## What you will do
Spot each line in the data below containing "Candles" and copy it.

BEGIN Source records

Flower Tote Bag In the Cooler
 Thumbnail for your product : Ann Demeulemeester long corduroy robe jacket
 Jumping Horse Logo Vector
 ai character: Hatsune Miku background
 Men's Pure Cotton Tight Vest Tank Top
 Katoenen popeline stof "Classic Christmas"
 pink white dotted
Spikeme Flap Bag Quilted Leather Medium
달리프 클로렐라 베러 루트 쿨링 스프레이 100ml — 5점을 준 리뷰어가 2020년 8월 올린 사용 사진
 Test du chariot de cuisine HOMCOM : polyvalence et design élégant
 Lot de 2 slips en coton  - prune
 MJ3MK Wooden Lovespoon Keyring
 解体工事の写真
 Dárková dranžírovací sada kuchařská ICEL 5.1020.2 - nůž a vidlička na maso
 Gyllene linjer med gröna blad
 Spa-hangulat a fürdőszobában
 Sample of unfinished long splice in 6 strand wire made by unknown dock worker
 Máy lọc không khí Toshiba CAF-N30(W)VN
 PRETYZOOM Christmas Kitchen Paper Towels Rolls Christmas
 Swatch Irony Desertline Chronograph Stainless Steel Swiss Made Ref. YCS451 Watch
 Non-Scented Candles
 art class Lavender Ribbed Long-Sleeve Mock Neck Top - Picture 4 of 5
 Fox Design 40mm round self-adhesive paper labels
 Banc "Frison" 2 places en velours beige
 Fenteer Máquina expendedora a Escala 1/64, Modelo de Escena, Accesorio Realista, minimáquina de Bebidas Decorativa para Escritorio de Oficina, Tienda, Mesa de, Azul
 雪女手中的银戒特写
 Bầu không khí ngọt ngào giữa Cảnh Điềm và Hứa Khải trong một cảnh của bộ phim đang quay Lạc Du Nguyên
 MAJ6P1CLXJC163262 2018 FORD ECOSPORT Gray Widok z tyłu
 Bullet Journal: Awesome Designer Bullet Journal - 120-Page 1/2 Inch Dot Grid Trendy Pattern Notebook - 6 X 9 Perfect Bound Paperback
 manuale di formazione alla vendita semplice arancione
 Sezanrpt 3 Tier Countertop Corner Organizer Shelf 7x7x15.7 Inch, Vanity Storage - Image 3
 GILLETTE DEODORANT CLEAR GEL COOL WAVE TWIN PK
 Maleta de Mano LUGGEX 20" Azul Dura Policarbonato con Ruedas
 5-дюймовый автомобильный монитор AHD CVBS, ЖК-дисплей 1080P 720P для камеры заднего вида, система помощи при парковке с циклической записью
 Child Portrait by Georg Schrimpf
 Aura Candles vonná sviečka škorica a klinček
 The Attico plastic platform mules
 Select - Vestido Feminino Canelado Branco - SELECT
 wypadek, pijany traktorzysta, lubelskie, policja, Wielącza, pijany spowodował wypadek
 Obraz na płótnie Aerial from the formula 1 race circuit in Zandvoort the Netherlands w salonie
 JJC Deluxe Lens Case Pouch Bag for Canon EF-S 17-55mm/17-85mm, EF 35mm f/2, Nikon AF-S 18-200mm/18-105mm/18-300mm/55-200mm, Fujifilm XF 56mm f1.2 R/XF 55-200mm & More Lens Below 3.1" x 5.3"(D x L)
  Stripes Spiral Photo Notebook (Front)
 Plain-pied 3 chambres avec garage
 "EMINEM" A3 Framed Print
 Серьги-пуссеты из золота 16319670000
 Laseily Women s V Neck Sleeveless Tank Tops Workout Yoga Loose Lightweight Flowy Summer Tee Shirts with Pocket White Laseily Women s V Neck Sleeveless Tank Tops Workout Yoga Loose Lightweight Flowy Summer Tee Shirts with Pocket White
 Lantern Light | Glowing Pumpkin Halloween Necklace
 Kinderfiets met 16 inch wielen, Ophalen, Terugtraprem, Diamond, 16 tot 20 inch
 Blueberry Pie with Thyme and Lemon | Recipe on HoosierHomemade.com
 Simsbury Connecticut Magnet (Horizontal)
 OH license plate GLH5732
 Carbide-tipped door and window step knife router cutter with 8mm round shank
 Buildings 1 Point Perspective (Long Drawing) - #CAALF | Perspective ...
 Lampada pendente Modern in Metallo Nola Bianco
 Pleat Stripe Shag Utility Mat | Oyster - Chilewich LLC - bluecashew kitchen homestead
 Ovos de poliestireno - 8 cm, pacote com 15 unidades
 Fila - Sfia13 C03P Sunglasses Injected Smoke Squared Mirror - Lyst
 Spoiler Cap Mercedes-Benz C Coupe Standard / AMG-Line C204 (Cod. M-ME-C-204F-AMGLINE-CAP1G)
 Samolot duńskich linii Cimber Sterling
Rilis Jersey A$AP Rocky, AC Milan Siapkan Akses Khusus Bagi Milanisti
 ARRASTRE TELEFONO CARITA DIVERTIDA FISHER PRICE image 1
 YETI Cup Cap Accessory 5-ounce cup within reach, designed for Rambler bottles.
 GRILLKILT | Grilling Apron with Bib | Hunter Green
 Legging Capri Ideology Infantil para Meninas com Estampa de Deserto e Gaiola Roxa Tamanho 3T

END Source records

## Solution for this exercise
 Non-Scented Candles
 Aura Candles vonná sviečka škorica a klinček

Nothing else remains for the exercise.